11 26 2014
  3:05 am  
     •     
The Wake of Vanport oral history
McMenamins

A sell-out crowd is expected Friday, April 16, at the Urban Arts Dance Company, which is celebrating its fifth anniversary with a Spring concert, "Pulse," 8 p.m. at the Newmark Theater, 1111 SW Broadway in Portland.
"Pulse" explores the connection between music, movement and everyday life through a range of dance genres, presented by this exciting troupe of young artists led by choreographer Dana Ingram.
Tickets are on sale now for $15 / $20 at the PCPA Box Office located at 1111 SW Broadway, Portland, OR, at all Ticketmaster outlets and online at www.ticketmaster.com.
A pre-show mixer is in the lobby at 7 p.m.
Lifelong Northeast Portland resident Dana Ingram started the company from scratch.
"I was part of the Northwest Afrikan American Ballet, I danced with them since I was a sophomore in high school," she said.
"That disbanded in 2002, and then there was a void because I had been dancing for 12 years. I was used to dancing every day."
At the time, Ingram had already started another dance program at the Boys and Girls Club called the High Steppers Drill and Dance Team. There, the elementary-age children learned beginning dance basics.
"They were so small I couldn't get choreography into them," Ingram says. "The whole performance experience was what I was missing."
So she asked a few old friends from the Pacific Northwest Afrikan American Ballet if this was something they would be interested in, and they said yes.

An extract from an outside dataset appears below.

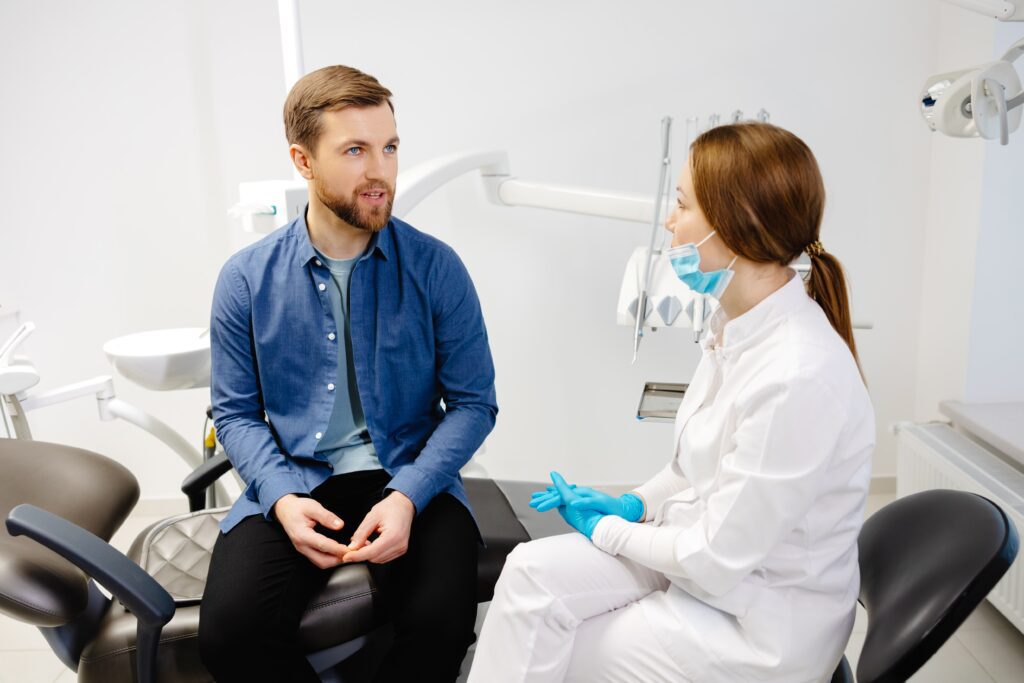 Blonde female dentist in dental office talking with male patient and preparing for treatment.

Together with her friend Janelle Yarbrough, Ingram put together a summer dance program for teens. They put out the word to the local community and recruited about 50 participants. The curriculum included Brazilian, African, jazz and hip hop dance.
"They were there for five hours a day, four days a week for five weeks," she said. "We had a real successful summer."
They held a showcase at the program's end, which was such a smash the two women went right out and incorporated as a professional dance company, Ingram said, keeping with the essential ingredient of youth outreach.
That was five years ago, and the Urban Dance Company has only grown since. Now their goal is to find their own studio.
"We've been using donated space from SEI and Jefferson High School, which has been important for us," she said. "But the tradeoff is that we have severely limited times per day when we can use the spaces, and only certain times per year.
"We want to accept kids at younger ages at start training for young people who have no dance experience," Ingram said. "If we can grow into our own space, then we can begin to really build dancers – some of these other dance companies train young people from the age of five."